The Velvet Sundown no es real. Al menos no desde lo que hasta hoy entendemos por real. No hay conciertos, no hay entrevistas, ni hay una banda detrás. Lo único que existe es un puñado de canciones alojadas en Spotify que se le adjudican a este “conjunto” y que están envueltas en un halo setentero de polvo, caset y melancolía sonora. Y sin embargo, a pesar de todo lo que no es rastreable, el “cuarteto” está entre lo más escuchado del momento, con casi un millón de oyentes mensuales, dos discos en seis semanas y una presencia ubicua en playlists temáticas que también parecen salidas de otra época como Vietnam Memories, Analog Dreams, Canyon Folk Revival.

¿De qué hablamos?
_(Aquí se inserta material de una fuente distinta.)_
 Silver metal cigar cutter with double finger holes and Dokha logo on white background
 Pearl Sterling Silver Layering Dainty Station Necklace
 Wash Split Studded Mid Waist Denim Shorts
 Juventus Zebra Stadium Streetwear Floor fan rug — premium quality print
De un grupo musical creado por la inteligencia artificial y cuyo verdadero triunfo está en construir un universo sonoro que, lejos de sonar irreal, se declara con una familiaridad emocional que muchos músicos de carne y hueso podrían tardar años en encontrar. Todo en The Velvet Sundown parece diseñado como si nos hablara desde una vida que no vivimos, pero que igual añoramos. Desde la voz de Gabe Farrow, el supuesto vocalista que recuerda tanto a Burton Cummings (The Guess Who) y Paul Rodgers (Free) como a Neil Young, hasta los títulos de sus canciones con mezclas de palabras cuidadosamente elegidas para hablarnos de una época y de un sonido en particular: Dust in the Wind, Monica in November, Echoes on the Cassette, Floating on Echoes.
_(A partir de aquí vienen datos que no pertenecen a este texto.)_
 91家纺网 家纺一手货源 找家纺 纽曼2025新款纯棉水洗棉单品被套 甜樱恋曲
Aunque hay pasajes incompletos, un relato disperso y la sensación constante de estar escuchando demos y no canciones terminadas -y está lleno de grupos reales especialistas en eso-, lo que flota en el aire es un guiño permanente al imaginario sonoro de los 70: al soft rock de Eagles, la elegancia jazzera de Steely Dan, la sensibilidad pastoral de America o un Neil Young a la altura de Helpless, e incluso una pátina cinematográfica que evoca a una actriz fumando frente al océano, en una película setentera que probablemente no existe, pero que igual vimos y recordamos. Las guitarras acústicas están afinadas en atardeceres color Polaroid y los sintetizadores son suaves como neblina de costa matinal. Las armonías vocales flotan en un reverb exacto y hasta las portadas también generadas por IA remiten a la estética de un Nick Drake a la altura de Pink Moon: lunas solitarias, árboles desnudos, cielos que parecen contarse secretos en postales inspiradas por los sueños de Dalí.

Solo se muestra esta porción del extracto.